- **Your instructions**
Copy each line below as written, but skip the pictures.

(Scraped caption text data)
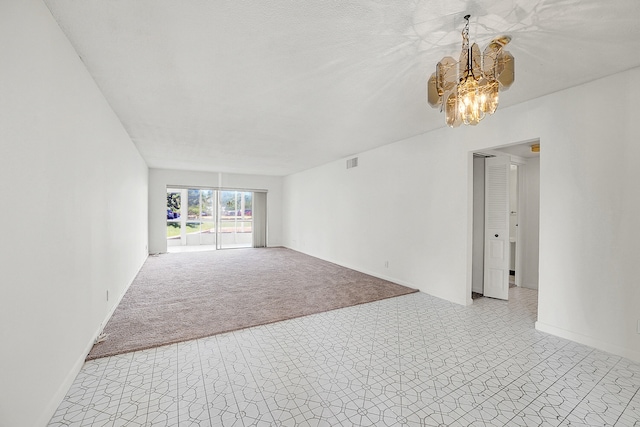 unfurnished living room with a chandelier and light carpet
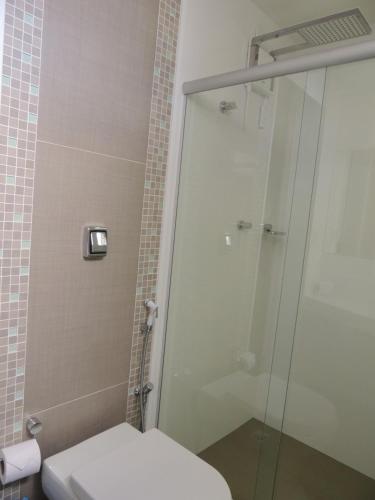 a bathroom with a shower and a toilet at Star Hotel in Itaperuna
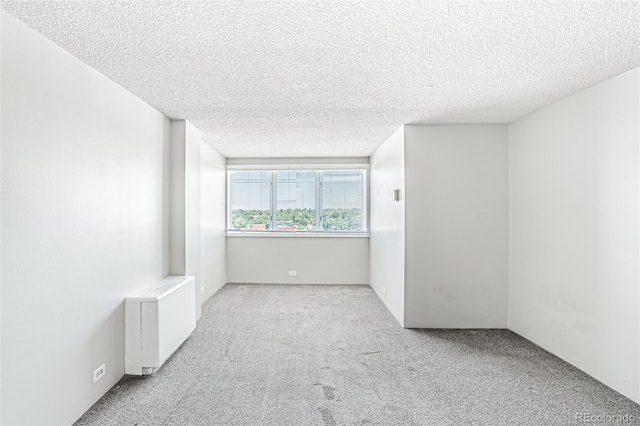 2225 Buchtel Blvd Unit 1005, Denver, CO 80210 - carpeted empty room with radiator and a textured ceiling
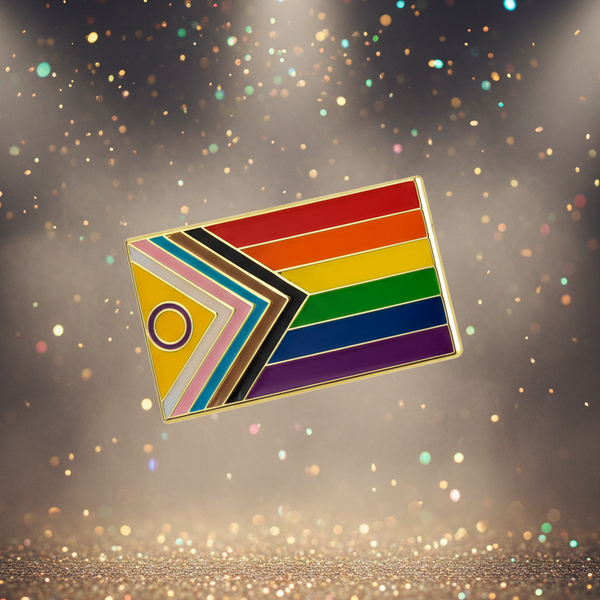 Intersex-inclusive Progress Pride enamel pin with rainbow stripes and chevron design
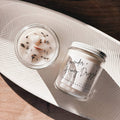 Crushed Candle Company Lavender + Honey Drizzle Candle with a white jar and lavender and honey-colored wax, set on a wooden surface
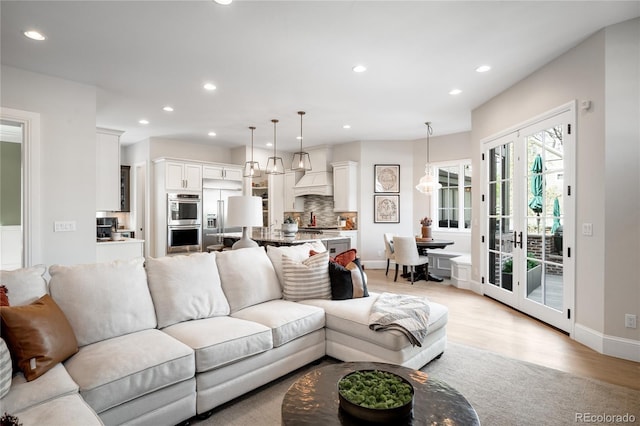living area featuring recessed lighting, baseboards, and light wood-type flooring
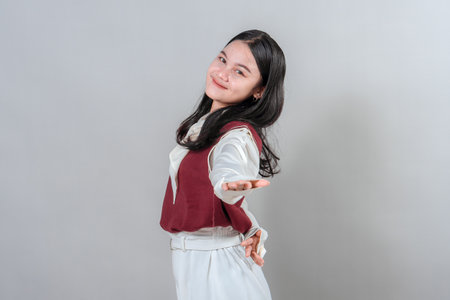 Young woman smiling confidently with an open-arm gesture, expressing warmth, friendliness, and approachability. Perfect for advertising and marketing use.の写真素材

- **Reply**
 unfurnished living room with a chandelier and light carpet
 a bathroom with a shower and a toilet at Star Hotel in Itaperuna
 2225 Buchtel Blvd Unit 1005, Denver, CO 80210 - carpeted empty room with radiator and a textured ceiling
 Intersex-inclusive Progress Pride enamel pin with rainbow stripes and chevron design
 Crushed Candle Company Lavender + Honey Drizzle Candle with a white jar and lavender and honey-colored wax, set on a wooden surface
living area featuring recessed lighting, baseboards, and light wood-type flooring
 Young woman smiling confidently with an open-arm gesture, expressing warmth, friendliness, and approachability. Perfect for advertising and marketing use.の写真素材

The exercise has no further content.